▶ _EXERCISE INPUTS_:

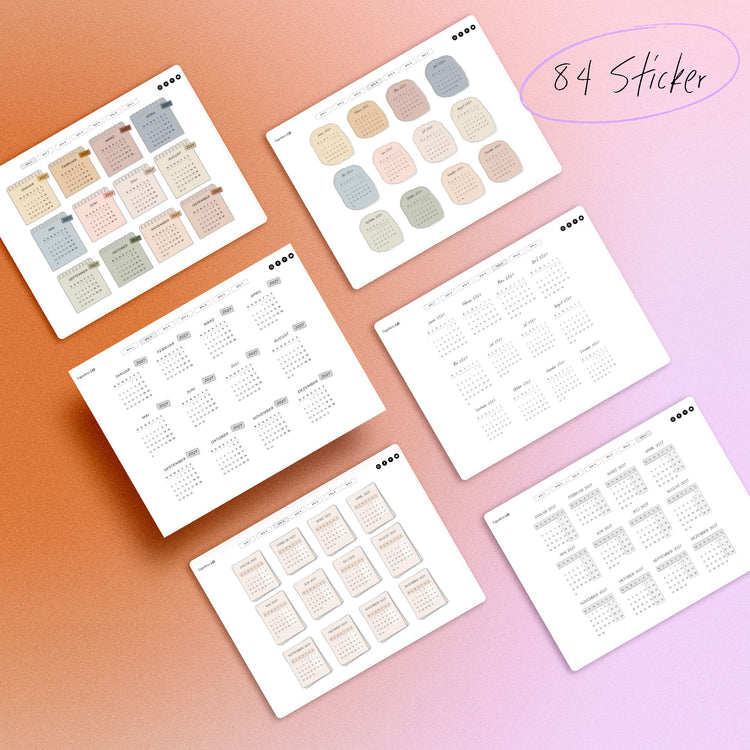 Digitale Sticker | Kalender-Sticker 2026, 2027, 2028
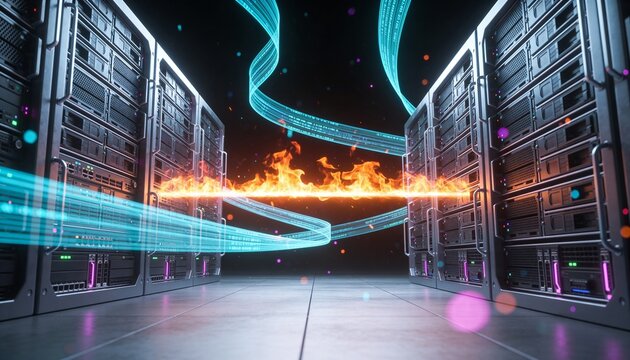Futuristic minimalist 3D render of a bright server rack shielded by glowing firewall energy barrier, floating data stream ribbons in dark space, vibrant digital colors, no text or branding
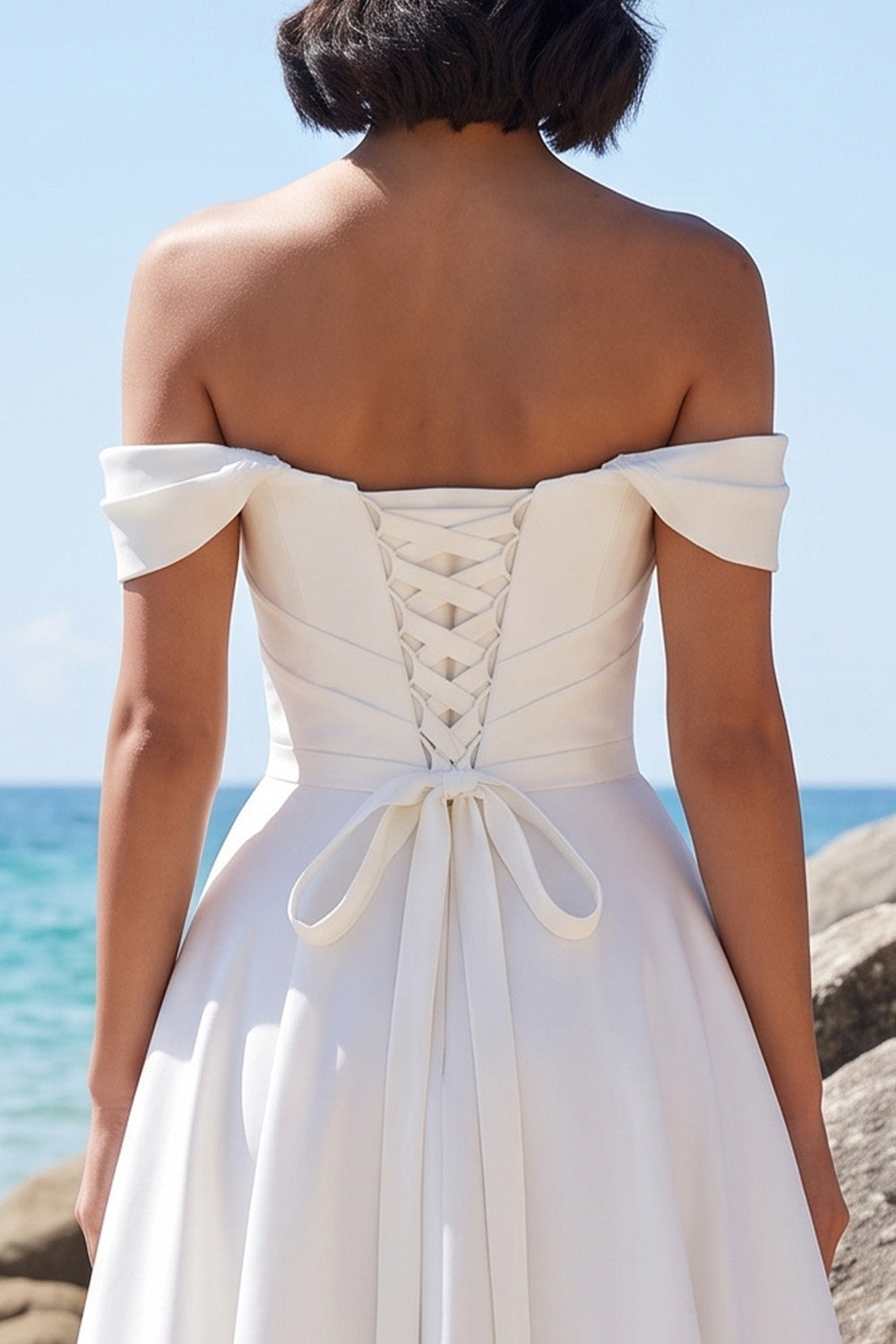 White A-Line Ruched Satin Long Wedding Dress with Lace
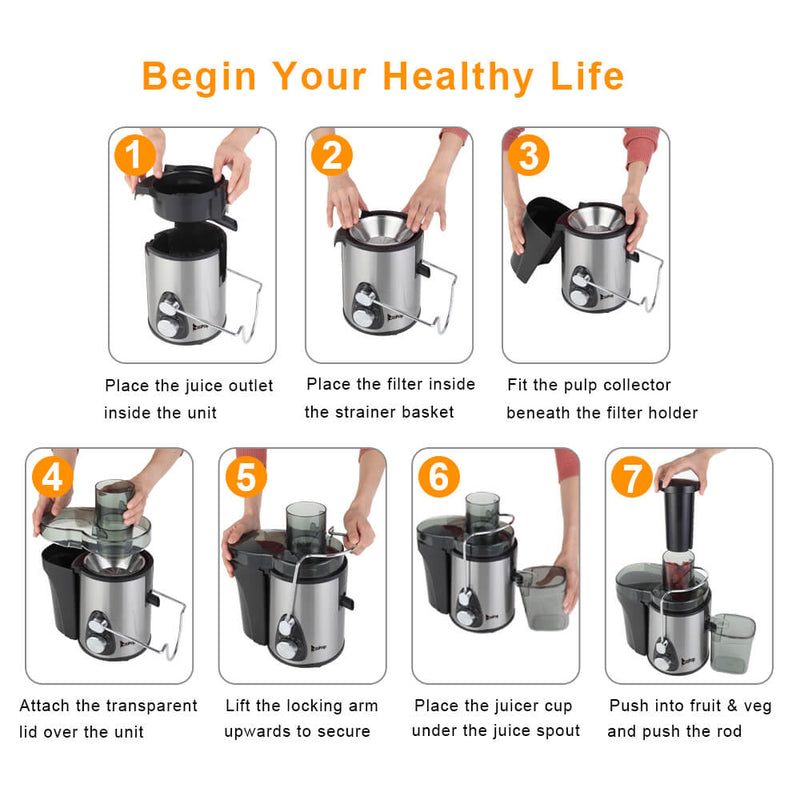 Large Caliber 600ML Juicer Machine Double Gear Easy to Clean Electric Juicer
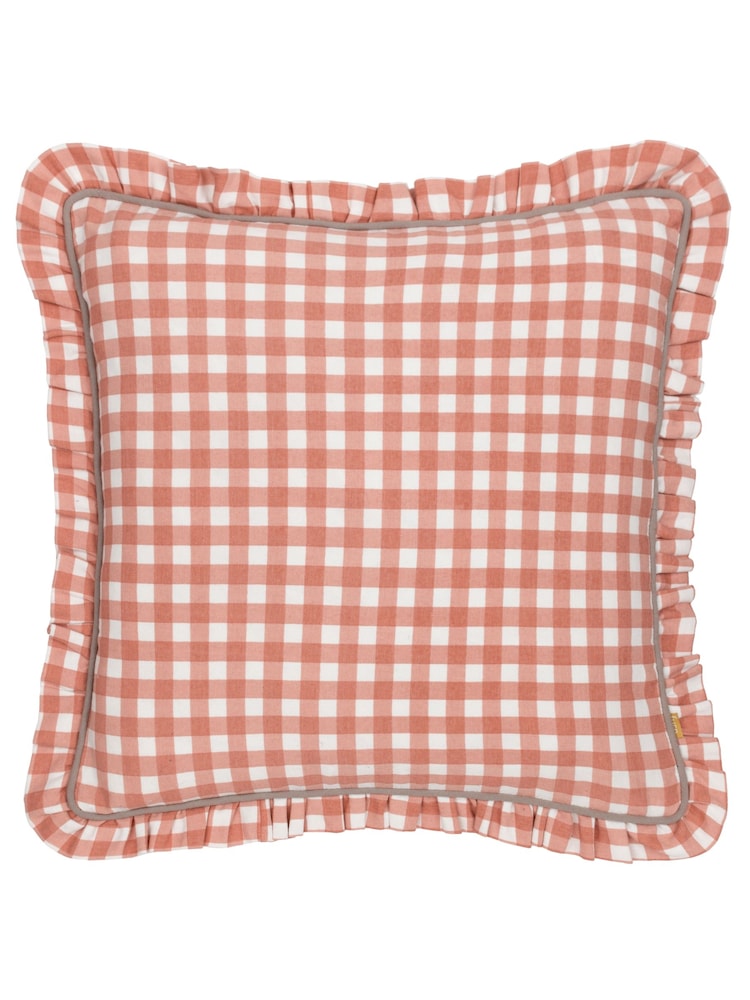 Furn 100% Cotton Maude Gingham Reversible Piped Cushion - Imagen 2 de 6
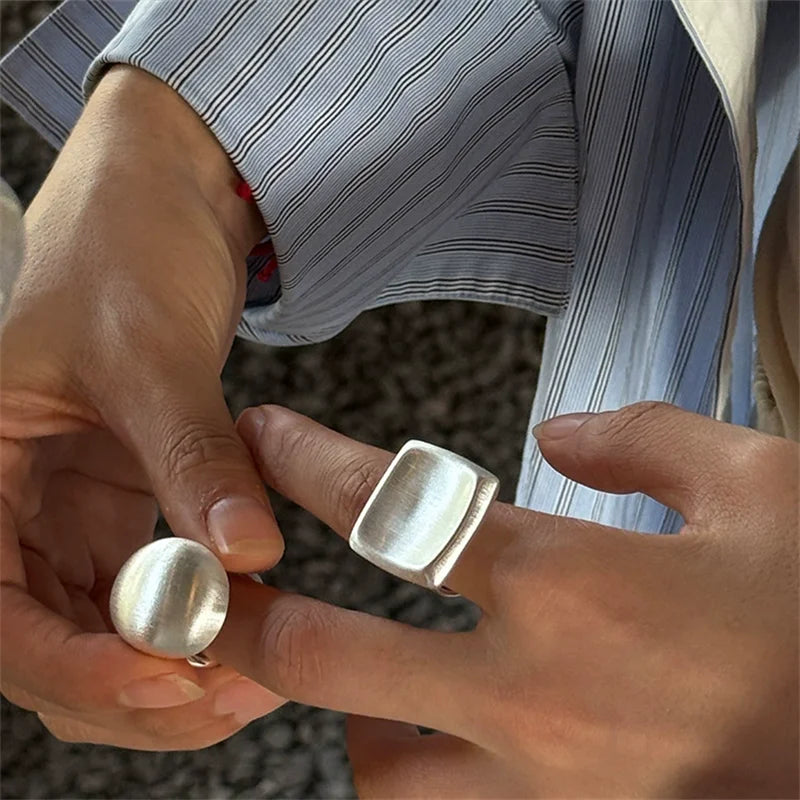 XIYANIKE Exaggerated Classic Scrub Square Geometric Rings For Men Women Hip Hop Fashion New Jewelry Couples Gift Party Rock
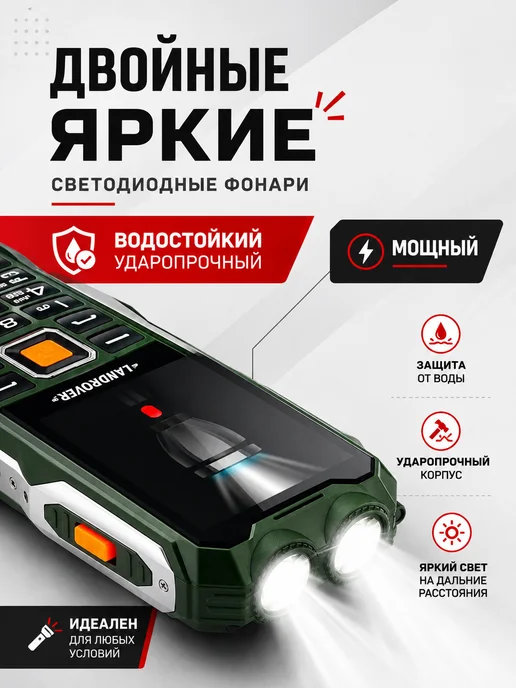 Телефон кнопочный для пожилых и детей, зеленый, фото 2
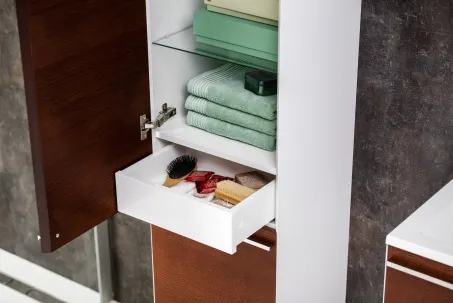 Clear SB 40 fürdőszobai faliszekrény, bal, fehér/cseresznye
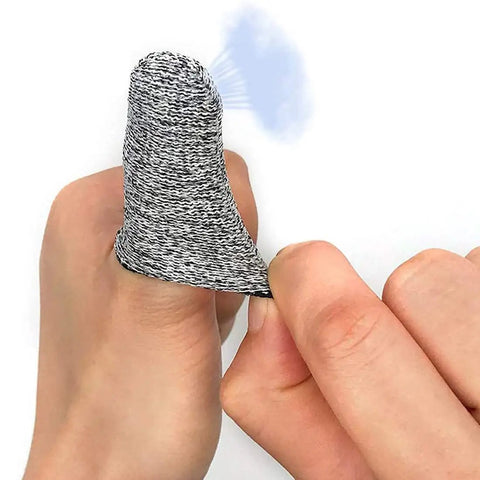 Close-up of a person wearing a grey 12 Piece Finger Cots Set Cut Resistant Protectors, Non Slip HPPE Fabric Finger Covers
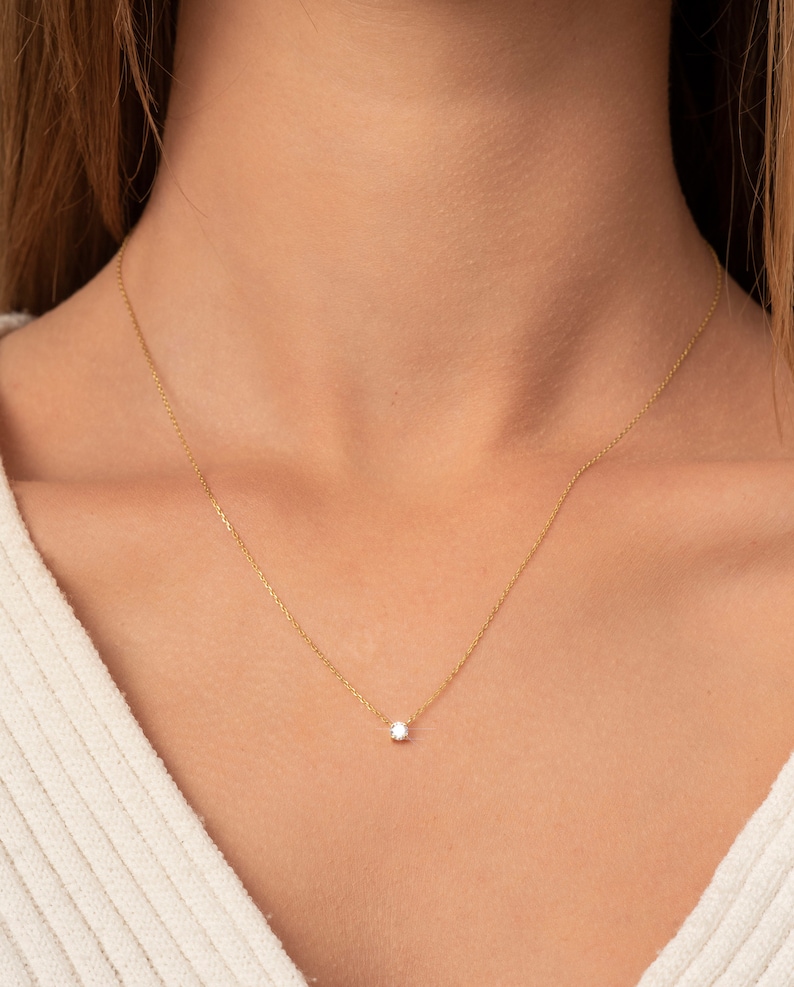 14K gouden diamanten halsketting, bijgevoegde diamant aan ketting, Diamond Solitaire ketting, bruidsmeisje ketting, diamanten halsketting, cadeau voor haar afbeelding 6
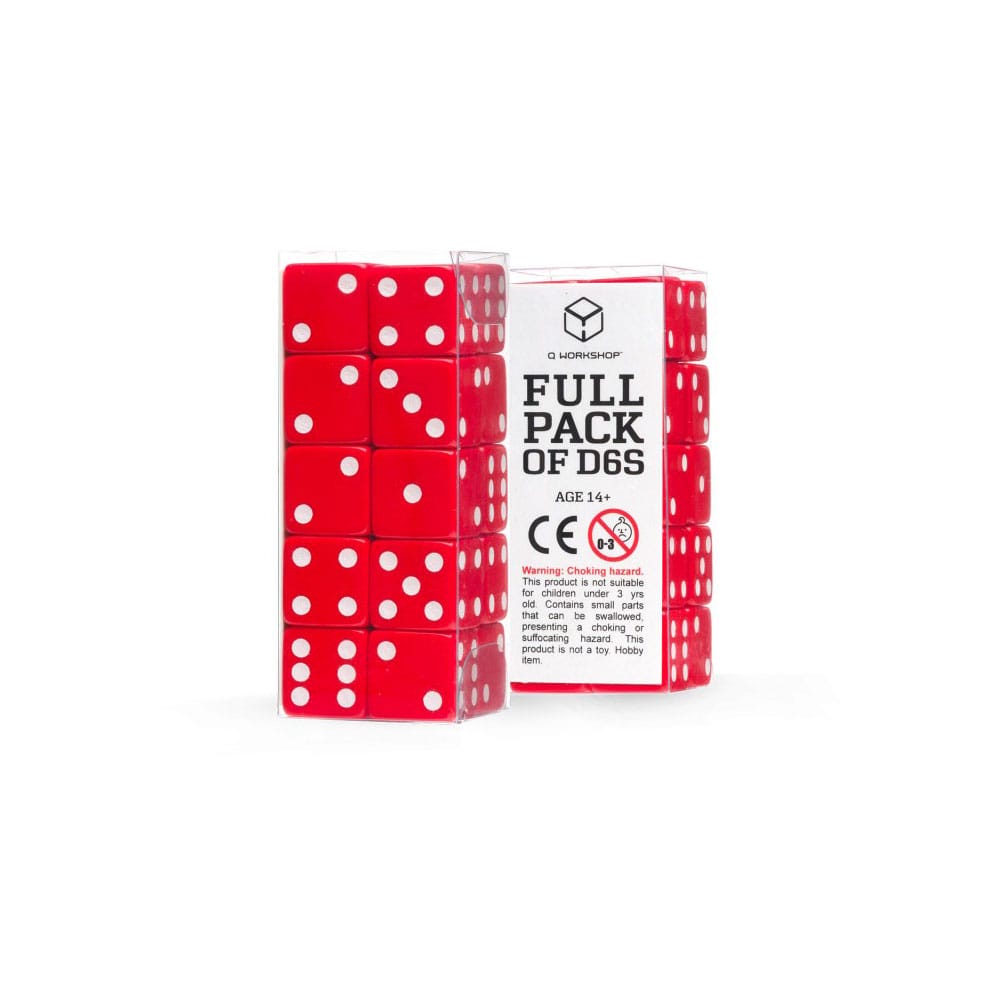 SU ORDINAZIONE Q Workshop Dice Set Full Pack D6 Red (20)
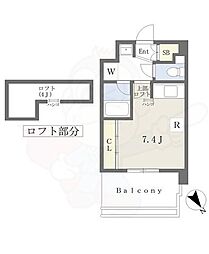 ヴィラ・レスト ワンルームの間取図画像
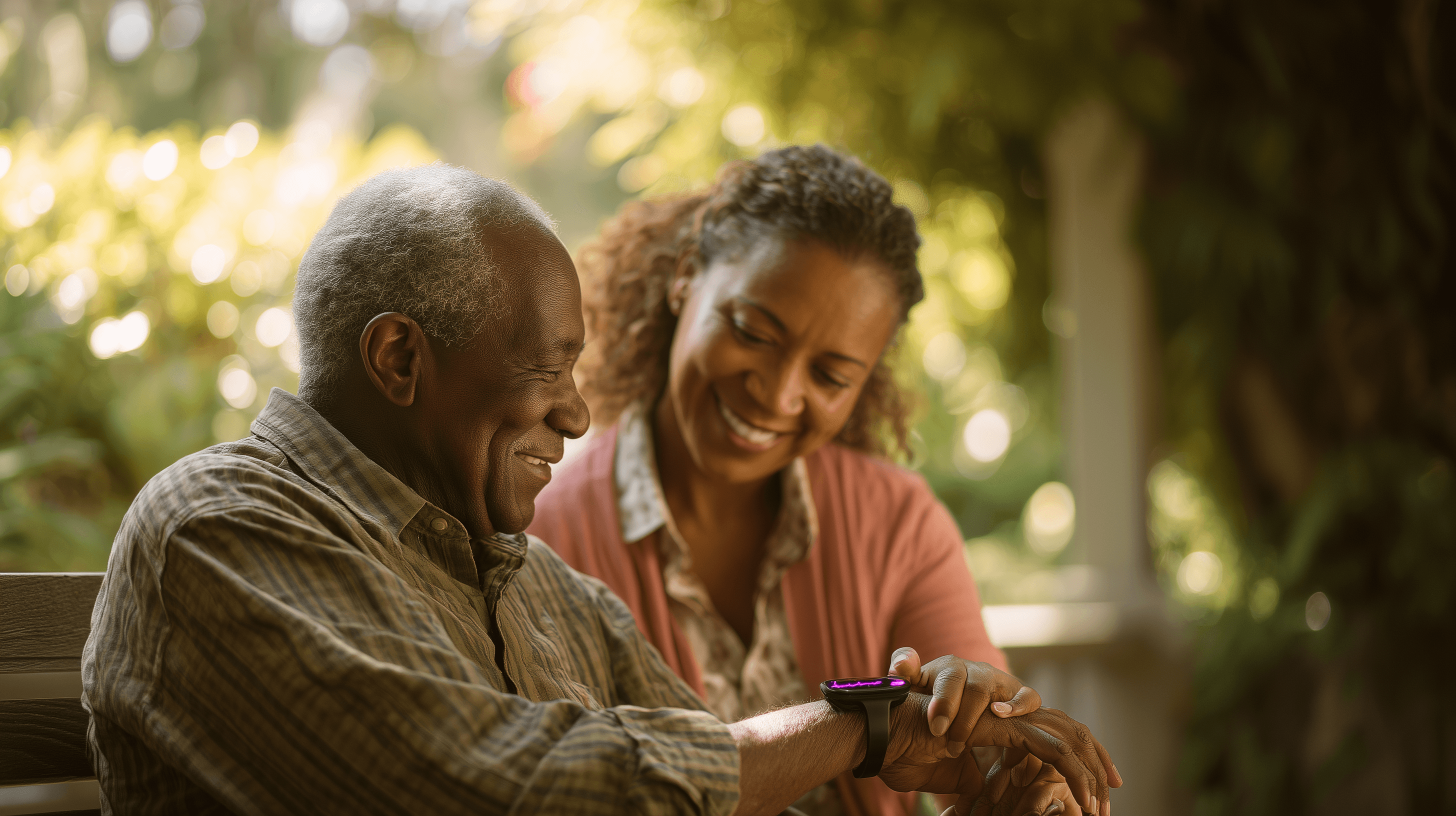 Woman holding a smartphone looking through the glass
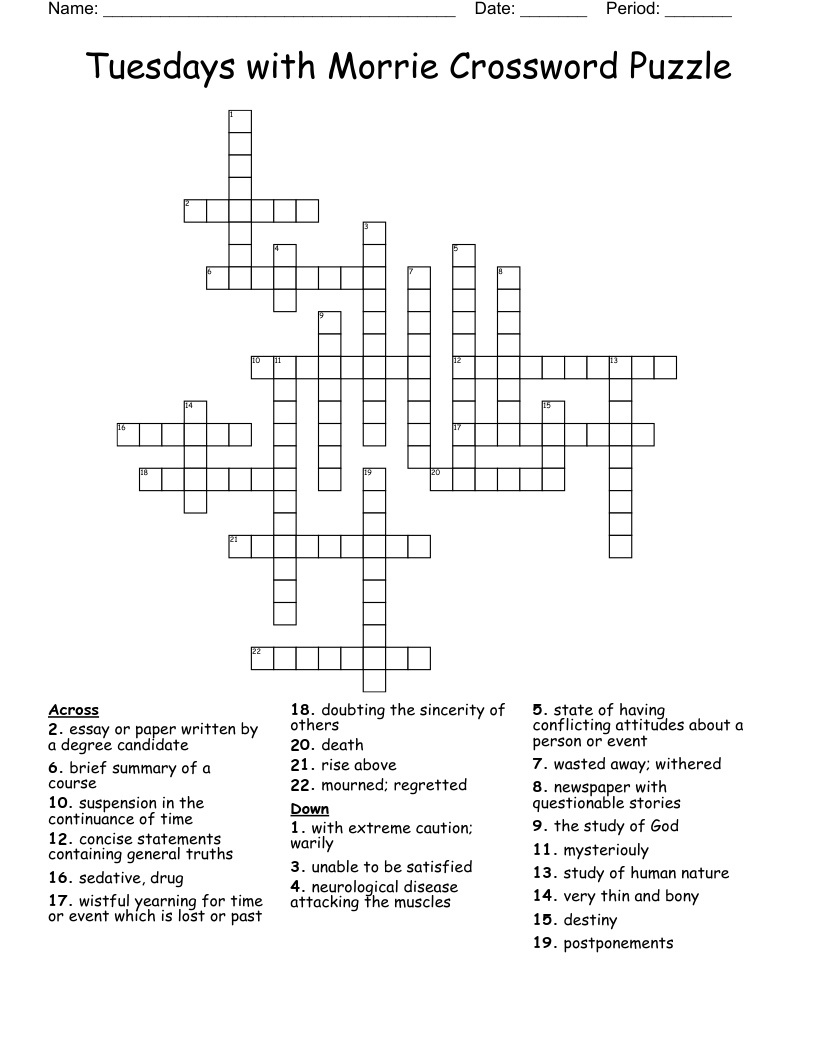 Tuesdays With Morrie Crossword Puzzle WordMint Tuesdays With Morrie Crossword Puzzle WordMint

▶ _WHAT TO DO_: Please give again, exactly and only, the lines from the top of the listing above through the line that has "White A-Line Ruched", with pictures left out.

▶ _THE ANSWER_:
 Digitale Sticker | Kalender-Sticker 2026, 2027, 2028
Futuristic minimalist 3D render of a bright server rack shielded by glowing firewall energy barrier, floating data stream ribbons in dark space, vibrant digital colors, no text or branding
 White A-Line Ruched Satin Long Wedding Dress with Lace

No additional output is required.